Supplied material —
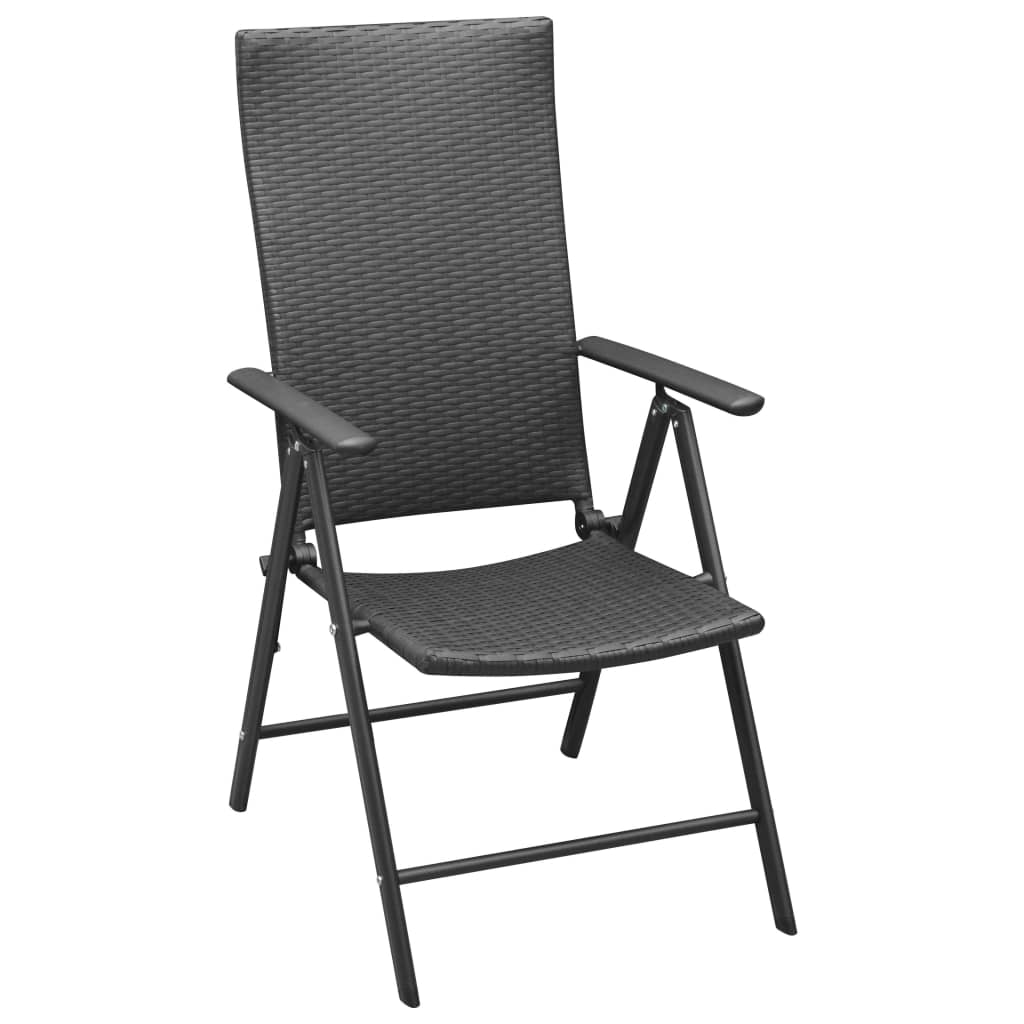 7-dijelni vrtni blagovaonski set crni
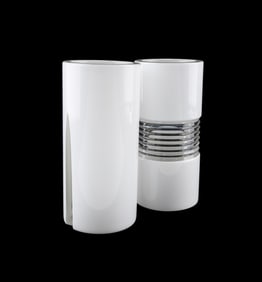 SAINT-LOUIS, TWO MODERN WHITE CUT TO CLEAR VASES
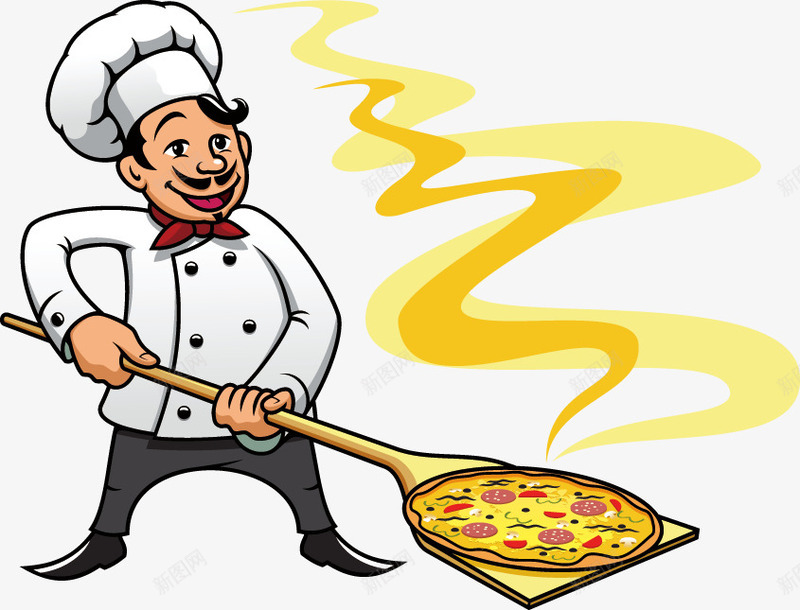 卡通厨师披萨装饰png免抠素材_新图网 https://ixintu.com 卡通 厨师 披萨 装饰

What needs to be done —
Return the listing verbatim, pictures omitted.

The answer —
 7-dijelni vrtni blagovaonski set crni
 SAINT-LOUIS, TWO MODERN WHITE CUT TO CLEAR VASES
 卡通厨师披萨装饰png免抠素材_新图网 https://ixintu.com 卡通 厨师 披萨 装饰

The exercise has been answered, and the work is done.